In theory, you could run alternate weekly games with different sets of protagonists and different genres of story, but the same rotating roster of NPCs. In this vampire game Old Zeke is just a homeless guy who happens to have useful information about the local city blocks...in that werewolf game he's actually a kinfolk shaman who doesn't mind the vampires because they serve a role in the local city's ecosystem, and as long as they don't step out of line or become to powerful, he doesn't have to call in his big furry family members to put them back in their place.
It only ever got messy when the two genres actually did come into contact. What takes precedence, extra actions from Rage or Celerity? This power says it works against that attribute, but the other guys don't have that attribute... Every book seemed to have a new way of translating things between games, which worked well in tandem with another book, but contradicted two or three others.
The nWoD tried to remedy this with a core book, then making all of the creature games spin-offs from that basic structure. In that way, I thought it was good (in every other way, I found something to dislike about it... "WHAT NO KITSUNE! I'm outta here" [slams the door] )
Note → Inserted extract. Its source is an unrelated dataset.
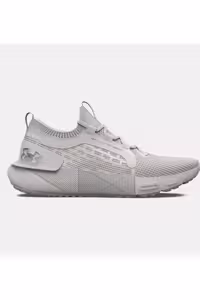 کفش دو و تمرین خاکستری مردانه زنانه كفش كتانى يونيسكس دويدن یونیسکس UA HOVR™ Phantom 3 SE Under Armour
My basic point here is that this new project "The Law" is basically very close to the direction I was heading with my earlier project "Familiar". Where one deals with keeping the peace in a crime ridden city, while the other deals with keeping magic alive in a city where the very essence of mysticism is dying. Agents of The Department of Law deal mainly with criminals, their goals are to maintain the peace and ensure the safety of citizens; this is done through investigation, establishing relationships with the local community, and dealing immediate justice when necessary. Familiars deal mainly with mystics and outsiders, their goals are to find artefacts and tomes of magic, containing them when dangerous, and releasing the energies within when the metaphysical balance needs realigning; this is also done through investigation and establishing relationships with the local community, but often needs to be done in a subversive manner to avoid the attention of the authorities.
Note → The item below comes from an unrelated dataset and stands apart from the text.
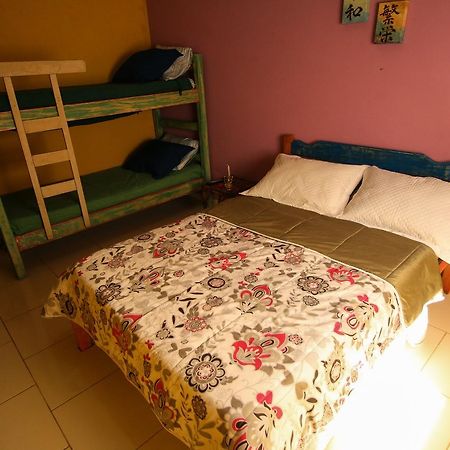 Namaste Hostel E Pousada Paraty Araquari Dış mekan fotoğraf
Both games are about keeping the world in balance, one maintaning a balance of law, the other maintaining a balance of magic. Both try to keep dark things from spilling over into public view, but when one is a game about police, and the other could generally be considered a game about heists, it's easy to see how they could come into conflict. It would be just as easy to throw a few other types of games into the mix... perhaps a noir story system about private eyes who live in a grey area between the authorities, the criminals, and the metaphysical outsiders... perhaps my Tom Waits inspired game about gritty and rusted morality, focused on angels in a world where belief is both a cherished treasure and a sign of insidious insanity.
But the aim at the moment is to get one game working right.